A. A. Allégations des organisations plaignantes

A. A. Allégations des organisations plaignantes
  1. 93. Dans sa communication du 29 octobre 1971, la Confédération latino-américaine syndicale chrétienne (CLASC) déclare que le gouvernement continue d'enfreindre les droits des travailleurs en Bolivie. Les plaignants signalent que, quelques jours auparavant, trois représentants de la Confédération des travailleurs des industries manufacturières de Bolivie, qui avaient été invités par les plaignants à participer à Buenos Aires à un séminaire sur le bassin du Rio de la Plata, avaient été arrêtés à l'aéroport de La Paz par des forces de la police et de l'armée. Les plaignants ajoutent que la liste des dirigeants et des militants syndicaux retenus dans des camps de concentration à l'intérieur du pays s'allonge sans cesse, et que beaucoup d'entre eux ont été torturés, assassinés, enlevés sans laisser de trace ou exilés.

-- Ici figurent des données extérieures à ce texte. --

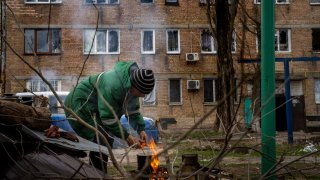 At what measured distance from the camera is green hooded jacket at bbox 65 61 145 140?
4.86m

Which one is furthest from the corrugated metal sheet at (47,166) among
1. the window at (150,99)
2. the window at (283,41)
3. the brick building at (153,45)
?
the window at (283,41)

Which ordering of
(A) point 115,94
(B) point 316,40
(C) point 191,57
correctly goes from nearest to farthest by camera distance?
1. (A) point 115,94
2. (C) point 191,57
3. (B) point 316,40

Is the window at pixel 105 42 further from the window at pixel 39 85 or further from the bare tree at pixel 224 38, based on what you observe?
the bare tree at pixel 224 38

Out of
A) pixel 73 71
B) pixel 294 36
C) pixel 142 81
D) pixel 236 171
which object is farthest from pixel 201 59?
pixel 142 81

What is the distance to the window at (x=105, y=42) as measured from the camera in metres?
23.5

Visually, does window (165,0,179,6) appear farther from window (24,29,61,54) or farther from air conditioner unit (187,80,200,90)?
window (24,29,61,54)

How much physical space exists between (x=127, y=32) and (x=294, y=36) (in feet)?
32.0

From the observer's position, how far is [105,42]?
2359cm

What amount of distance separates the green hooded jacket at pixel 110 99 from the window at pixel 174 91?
58.5 feet

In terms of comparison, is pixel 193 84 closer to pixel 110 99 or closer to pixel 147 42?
pixel 147 42

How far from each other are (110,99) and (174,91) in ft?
61.3

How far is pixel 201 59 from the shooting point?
937 inches

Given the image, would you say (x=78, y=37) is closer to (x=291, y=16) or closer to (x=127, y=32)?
(x=127, y=32)

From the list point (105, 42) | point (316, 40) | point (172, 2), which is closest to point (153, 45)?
point (105, 42) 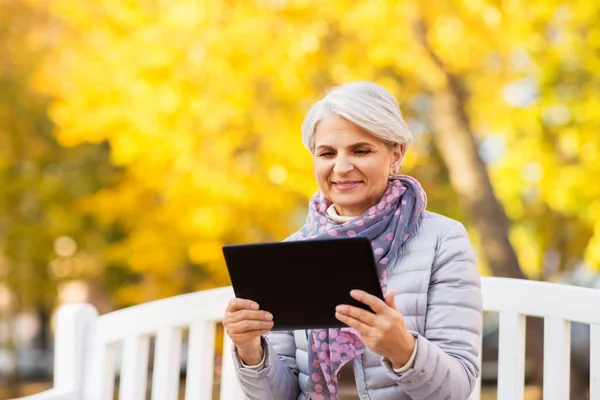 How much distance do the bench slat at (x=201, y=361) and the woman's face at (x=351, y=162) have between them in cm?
75

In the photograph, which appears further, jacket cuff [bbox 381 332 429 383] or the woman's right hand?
the woman's right hand

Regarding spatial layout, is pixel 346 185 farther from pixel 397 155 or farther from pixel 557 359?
pixel 557 359

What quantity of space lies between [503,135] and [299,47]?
2645 mm

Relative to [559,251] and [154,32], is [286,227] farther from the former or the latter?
[559,251]

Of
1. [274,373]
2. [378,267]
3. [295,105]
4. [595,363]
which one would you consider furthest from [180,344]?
[295,105]

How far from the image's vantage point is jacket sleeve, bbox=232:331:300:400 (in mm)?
2297

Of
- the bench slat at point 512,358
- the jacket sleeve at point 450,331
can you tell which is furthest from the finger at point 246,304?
the bench slat at point 512,358

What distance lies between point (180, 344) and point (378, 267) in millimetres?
903

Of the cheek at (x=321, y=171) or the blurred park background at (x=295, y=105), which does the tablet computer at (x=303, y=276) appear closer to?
Answer: the cheek at (x=321, y=171)

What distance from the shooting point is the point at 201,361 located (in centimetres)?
284

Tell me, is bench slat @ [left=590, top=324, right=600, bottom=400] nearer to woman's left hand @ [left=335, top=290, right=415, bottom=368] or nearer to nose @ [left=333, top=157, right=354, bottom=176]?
woman's left hand @ [left=335, top=290, right=415, bottom=368]

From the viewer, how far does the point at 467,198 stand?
6758 millimetres

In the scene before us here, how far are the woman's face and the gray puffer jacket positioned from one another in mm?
175

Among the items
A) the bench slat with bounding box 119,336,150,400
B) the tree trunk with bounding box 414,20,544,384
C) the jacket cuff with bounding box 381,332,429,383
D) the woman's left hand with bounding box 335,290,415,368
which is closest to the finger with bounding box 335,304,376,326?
the woman's left hand with bounding box 335,290,415,368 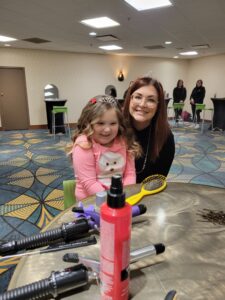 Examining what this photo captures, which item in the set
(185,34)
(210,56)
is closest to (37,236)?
(185,34)

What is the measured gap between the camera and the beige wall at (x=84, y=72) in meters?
7.15

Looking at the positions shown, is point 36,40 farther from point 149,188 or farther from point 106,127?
point 149,188

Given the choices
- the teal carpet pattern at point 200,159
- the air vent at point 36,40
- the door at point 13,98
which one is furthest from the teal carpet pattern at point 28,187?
the air vent at point 36,40

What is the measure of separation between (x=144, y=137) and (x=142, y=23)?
352 centimetres

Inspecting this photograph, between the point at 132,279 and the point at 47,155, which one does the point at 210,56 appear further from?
the point at 132,279

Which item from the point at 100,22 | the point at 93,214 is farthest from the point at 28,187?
the point at 100,22

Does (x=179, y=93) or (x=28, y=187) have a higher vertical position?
(x=179, y=93)

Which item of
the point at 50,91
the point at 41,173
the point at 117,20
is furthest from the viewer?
the point at 50,91

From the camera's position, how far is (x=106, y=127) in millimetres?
1167

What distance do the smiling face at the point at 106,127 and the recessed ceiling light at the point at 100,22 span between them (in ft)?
11.1

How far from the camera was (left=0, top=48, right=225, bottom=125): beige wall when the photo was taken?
7152 mm

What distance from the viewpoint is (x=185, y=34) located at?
5148 mm

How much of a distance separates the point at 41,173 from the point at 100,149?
2470 mm

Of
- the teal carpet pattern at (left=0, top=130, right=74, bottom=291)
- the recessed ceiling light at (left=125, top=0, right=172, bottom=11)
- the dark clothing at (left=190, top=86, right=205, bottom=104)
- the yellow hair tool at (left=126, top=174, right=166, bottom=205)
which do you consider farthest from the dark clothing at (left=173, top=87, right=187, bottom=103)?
the yellow hair tool at (left=126, top=174, right=166, bottom=205) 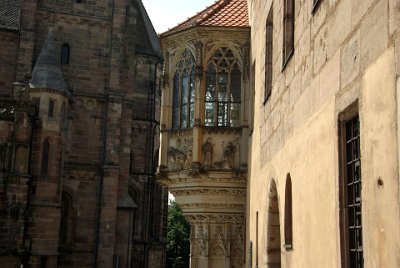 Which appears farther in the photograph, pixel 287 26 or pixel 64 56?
pixel 64 56

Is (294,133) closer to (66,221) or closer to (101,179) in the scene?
(101,179)

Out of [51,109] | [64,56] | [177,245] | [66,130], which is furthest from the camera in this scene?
[177,245]

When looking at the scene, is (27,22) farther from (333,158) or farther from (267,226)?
(333,158)

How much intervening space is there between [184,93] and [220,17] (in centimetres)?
190

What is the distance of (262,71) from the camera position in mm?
10062

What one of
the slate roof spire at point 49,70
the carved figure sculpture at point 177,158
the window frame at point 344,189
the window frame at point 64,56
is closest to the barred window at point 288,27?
the window frame at point 344,189

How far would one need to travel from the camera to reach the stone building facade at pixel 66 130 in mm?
21625

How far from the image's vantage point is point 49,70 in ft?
77.3

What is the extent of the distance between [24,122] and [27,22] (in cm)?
532

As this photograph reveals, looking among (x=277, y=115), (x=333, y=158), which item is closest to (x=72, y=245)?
(x=277, y=115)

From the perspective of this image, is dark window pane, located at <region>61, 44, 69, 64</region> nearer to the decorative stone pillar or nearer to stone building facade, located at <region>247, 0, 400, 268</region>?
the decorative stone pillar

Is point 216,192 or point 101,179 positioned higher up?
point 101,179

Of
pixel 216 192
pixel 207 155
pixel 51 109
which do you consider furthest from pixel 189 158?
pixel 51 109

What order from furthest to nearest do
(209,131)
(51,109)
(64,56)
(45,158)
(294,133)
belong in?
(64,56)
(51,109)
(45,158)
(209,131)
(294,133)
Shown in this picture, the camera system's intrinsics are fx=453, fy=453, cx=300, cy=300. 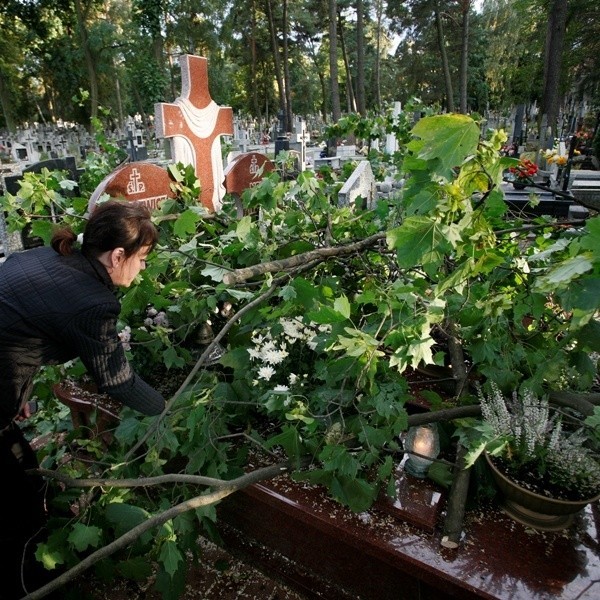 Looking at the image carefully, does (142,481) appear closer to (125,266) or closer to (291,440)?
(291,440)

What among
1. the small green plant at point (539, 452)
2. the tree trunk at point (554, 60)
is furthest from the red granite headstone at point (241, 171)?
the tree trunk at point (554, 60)

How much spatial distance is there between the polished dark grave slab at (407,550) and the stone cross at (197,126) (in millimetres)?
3736

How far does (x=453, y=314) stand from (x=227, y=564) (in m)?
1.74

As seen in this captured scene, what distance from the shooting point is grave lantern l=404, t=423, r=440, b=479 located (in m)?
2.08

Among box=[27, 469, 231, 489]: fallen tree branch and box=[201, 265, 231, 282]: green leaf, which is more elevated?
box=[201, 265, 231, 282]: green leaf

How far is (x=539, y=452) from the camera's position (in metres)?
1.80

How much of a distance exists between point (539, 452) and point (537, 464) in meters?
0.09

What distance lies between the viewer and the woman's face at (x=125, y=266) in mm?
1728

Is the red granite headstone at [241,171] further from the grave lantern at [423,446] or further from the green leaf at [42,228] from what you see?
the grave lantern at [423,446]

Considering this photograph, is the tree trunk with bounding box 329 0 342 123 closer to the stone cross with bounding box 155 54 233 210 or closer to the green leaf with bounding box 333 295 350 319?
the stone cross with bounding box 155 54 233 210

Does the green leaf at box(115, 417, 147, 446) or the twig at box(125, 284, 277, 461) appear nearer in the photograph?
the twig at box(125, 284, 277, 461)

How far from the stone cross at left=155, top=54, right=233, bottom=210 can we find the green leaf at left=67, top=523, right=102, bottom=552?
12.6 ft

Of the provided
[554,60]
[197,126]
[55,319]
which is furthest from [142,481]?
[554,60]

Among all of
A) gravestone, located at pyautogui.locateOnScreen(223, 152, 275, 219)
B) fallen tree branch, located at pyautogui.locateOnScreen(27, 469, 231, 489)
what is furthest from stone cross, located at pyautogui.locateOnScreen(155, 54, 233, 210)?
fallen tree branch, located at pyautogui.locateOnScreen(27, 469, 231, 489) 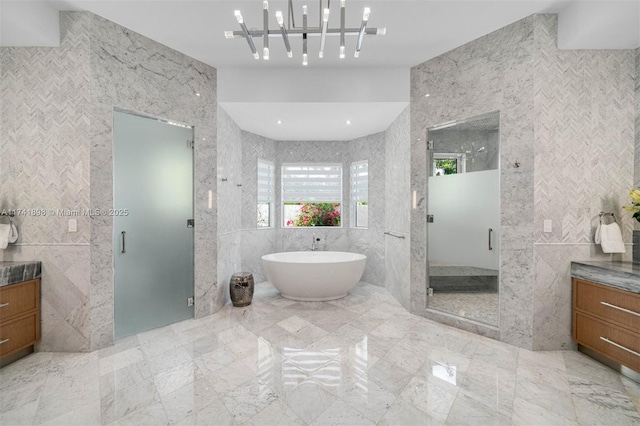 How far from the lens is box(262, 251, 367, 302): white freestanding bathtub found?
371 centimetres

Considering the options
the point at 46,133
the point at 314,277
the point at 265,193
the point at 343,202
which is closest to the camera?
the point at 46,133

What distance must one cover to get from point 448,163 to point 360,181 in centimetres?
206

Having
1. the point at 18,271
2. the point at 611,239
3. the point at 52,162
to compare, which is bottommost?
the point at 18,271

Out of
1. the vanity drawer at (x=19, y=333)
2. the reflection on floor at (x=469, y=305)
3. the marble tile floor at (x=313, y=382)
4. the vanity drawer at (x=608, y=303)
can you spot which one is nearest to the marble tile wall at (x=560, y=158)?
the vanity drawer at (x=608, y=303)

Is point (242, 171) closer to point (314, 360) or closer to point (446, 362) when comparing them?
point (314, 360)

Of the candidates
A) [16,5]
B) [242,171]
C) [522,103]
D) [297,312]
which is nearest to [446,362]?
[297,312]

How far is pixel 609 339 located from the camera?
2.23 m

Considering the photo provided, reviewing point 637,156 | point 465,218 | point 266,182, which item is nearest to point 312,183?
point 266,182

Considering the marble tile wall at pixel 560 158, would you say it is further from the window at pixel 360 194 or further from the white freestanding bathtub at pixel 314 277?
the window at pixel 360 194

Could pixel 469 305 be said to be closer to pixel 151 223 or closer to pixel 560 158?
pixel 560 158

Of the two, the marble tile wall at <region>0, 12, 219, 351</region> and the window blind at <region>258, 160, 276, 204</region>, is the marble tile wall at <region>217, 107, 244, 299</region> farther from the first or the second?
the marble tile wall at <region>0, 12, 219, 351</region>

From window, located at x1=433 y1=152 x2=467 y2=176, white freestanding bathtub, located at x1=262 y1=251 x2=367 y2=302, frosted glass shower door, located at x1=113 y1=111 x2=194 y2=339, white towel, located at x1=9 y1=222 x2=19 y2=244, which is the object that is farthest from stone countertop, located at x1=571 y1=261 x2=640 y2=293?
white towel, located at x1=9 y1=222 x2=19 y2=244

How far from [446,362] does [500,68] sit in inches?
111

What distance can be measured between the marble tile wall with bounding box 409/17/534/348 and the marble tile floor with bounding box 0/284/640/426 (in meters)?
0.40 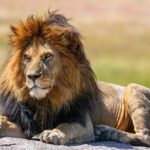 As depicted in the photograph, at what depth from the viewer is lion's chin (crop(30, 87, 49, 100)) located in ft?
27.9

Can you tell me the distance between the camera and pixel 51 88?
8695 millimetres

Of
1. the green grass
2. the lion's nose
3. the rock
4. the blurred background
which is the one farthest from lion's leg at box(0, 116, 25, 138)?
the green grass

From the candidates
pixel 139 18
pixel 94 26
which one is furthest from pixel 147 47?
pixel 139 18

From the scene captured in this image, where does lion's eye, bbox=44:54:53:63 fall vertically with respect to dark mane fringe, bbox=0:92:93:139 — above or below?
above

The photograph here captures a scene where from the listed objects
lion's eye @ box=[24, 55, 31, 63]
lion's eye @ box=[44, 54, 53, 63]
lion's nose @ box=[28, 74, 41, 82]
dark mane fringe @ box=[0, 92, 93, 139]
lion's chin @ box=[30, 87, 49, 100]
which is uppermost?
lion's eye @ box=[44, 54, 53, 63]

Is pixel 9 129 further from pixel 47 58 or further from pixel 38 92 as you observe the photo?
pixel 47 58

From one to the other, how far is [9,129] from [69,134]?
0.52 meters

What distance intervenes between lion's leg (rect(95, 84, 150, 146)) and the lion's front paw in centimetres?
54

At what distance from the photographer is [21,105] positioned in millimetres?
8867

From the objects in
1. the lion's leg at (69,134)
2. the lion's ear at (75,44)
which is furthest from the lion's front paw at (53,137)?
the lion's ear at (75,44)

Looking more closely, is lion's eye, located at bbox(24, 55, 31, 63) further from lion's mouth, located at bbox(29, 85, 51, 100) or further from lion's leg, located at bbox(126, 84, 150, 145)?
lion's leg, located at bbox(126, 84, 150, 145)

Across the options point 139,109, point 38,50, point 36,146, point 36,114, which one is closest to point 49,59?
point 38,50

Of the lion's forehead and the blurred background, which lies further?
the blurred background

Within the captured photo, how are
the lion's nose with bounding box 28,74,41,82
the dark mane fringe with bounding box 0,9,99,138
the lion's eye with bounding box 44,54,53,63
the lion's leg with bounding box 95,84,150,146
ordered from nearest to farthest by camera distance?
1. the lion's nose with bounding box 28,74,41,82
2. the lion's eye with bounding box 44,54,53,63
3. the dark mane fringe with bounding box 0,9,99,138
4. the lion's leg with bounding box 95,84,150,146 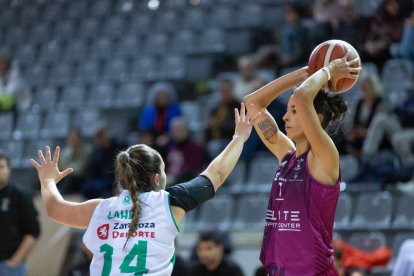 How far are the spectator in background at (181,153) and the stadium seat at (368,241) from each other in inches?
93.9

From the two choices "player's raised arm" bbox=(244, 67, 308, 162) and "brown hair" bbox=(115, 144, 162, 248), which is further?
"player's raised arm" bbox=(244, 67, 308, 162)

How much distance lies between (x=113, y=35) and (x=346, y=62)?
10.4 m

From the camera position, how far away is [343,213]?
920 centimetres

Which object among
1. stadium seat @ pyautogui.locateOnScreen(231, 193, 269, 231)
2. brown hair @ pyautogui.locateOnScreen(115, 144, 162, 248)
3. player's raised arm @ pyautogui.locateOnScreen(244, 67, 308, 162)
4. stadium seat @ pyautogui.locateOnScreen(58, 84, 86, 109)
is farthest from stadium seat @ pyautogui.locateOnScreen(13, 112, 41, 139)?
brown hair @ pyautogui.locateOnScreen(115, 144, 162, 248)

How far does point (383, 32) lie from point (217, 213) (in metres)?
2.97

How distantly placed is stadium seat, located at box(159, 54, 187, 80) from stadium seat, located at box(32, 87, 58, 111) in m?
1.80

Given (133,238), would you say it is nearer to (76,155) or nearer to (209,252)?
(209,252)

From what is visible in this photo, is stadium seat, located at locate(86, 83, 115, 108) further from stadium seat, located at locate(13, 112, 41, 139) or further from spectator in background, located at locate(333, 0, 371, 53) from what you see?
spectator in background, located at locate(333, 0, 371, 53)

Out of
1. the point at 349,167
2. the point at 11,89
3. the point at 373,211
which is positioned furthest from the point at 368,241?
the point at 11,89

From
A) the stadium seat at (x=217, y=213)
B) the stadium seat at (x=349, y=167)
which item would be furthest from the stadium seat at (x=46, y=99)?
the stadium seat at (x=349, y=167)

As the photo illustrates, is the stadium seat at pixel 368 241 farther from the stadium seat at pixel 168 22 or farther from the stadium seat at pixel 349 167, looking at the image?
the stadium seat at pixel 168 22

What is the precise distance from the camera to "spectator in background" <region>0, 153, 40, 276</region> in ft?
25.0

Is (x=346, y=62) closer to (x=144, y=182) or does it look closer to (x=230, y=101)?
(x=144, y=182)

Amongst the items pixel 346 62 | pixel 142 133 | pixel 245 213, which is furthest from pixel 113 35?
pixel 346 62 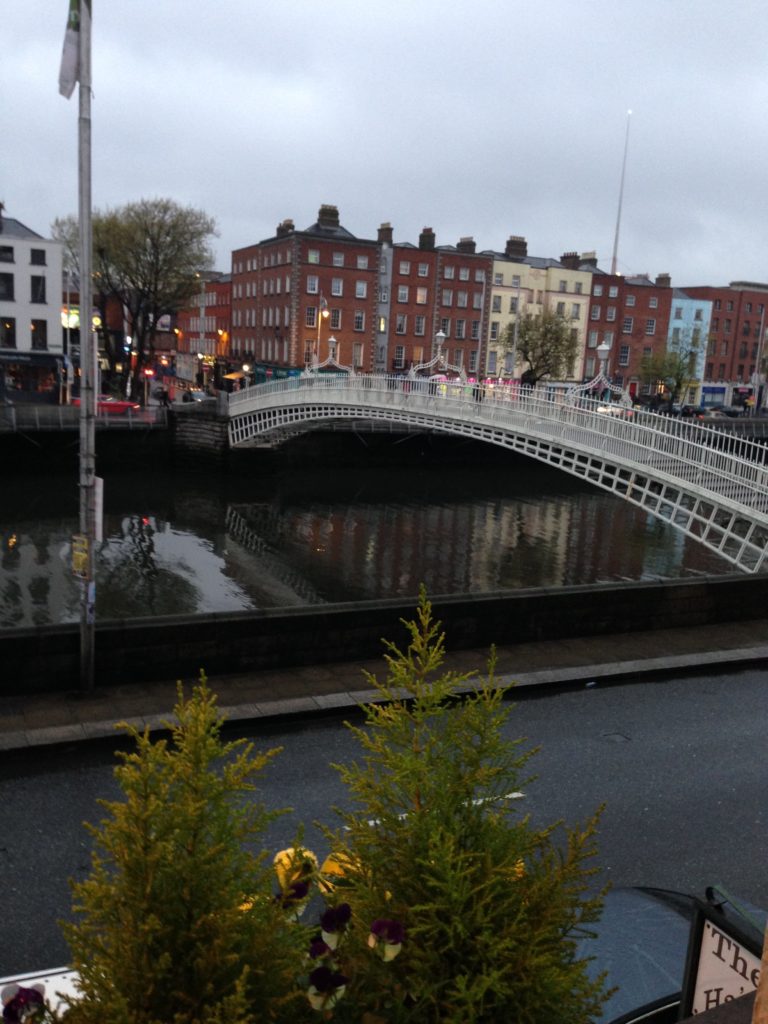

  2. 94. Dans une nouvelle communication datée du 1er décembre 1971, les plaignants indiquent que, lors du sixième Congrès latino-américain de la CLASC, tenu à Caracas du 21 au 27 novembre 1971, on avait établi des listes des dirigeants syndicaux ayant été privés de leur liberté en Bolivie. D'après les plaignants, ces listes se fondent sur des renseignements dignes de foi réunis dans le pays même. Des exemplaires de ces listes sont fournis par les plaignants. Ces listes contiennent les noms des 16 dirigeants syndicaux suivants qui auraient été privés de leur liberté: Juvenal Garabito (Cochabamba), Carmelo Andrade (du journal "Presencia"), Jacinto Quispe (secrétaire général de l'ASIB), Roberto Moreira (employé des tribunaux), Erasmo Barrios Villa ("Travailleurs de l'Université de Potosi"), Luis Peñaranda (Bureau exécutif de la Fédération de la presse), Rodolfo Brum (Radio Nueva América), Victor Michel (délégué à l'assemblée de Huanuni), Angel Astete (secrétaire de l'Association culturelle des mineurs, San Florencio), Julián Jiménez (Association des mineurs de Colquiri), Juan Flores (secrétaire chargé des relations, Fédération des industries manufacturières de La Paz), Patricia Cuentos (secrétaire, section des conflits, Fédération des industries manufacturières, La Paz), Pedro Cruz (secrétaire, section des conflits, Syndicat du personnel enseignant de l'Etat, mine de Huanuni Oruro), et Lindo Fernández, David Quiñónez et René Higueras (Centrale ouvrière bolivienne (COB)). Les plaignants ont également fourni une liste de femmes qui, d'après eux, auraient été emprisonnées. Cette liste comprend les noms d'Edmy Alvarez Daza, dirigeante de la centrale ouvrière bolivienne, et d'Enma de Bacarreza, dirigeante du syndicat du personnel enseignant de La Paz. Les plaignants indiquent que la maison de cette dernière a été fouillée et que l'intéressée a été emmenée au ministère de l'Intérieur pour y faire des déclarations. Cette situation, poursuivent les plaignants, a duré plusieurs jours, pendant lesquels la maison a été surveillée par la police.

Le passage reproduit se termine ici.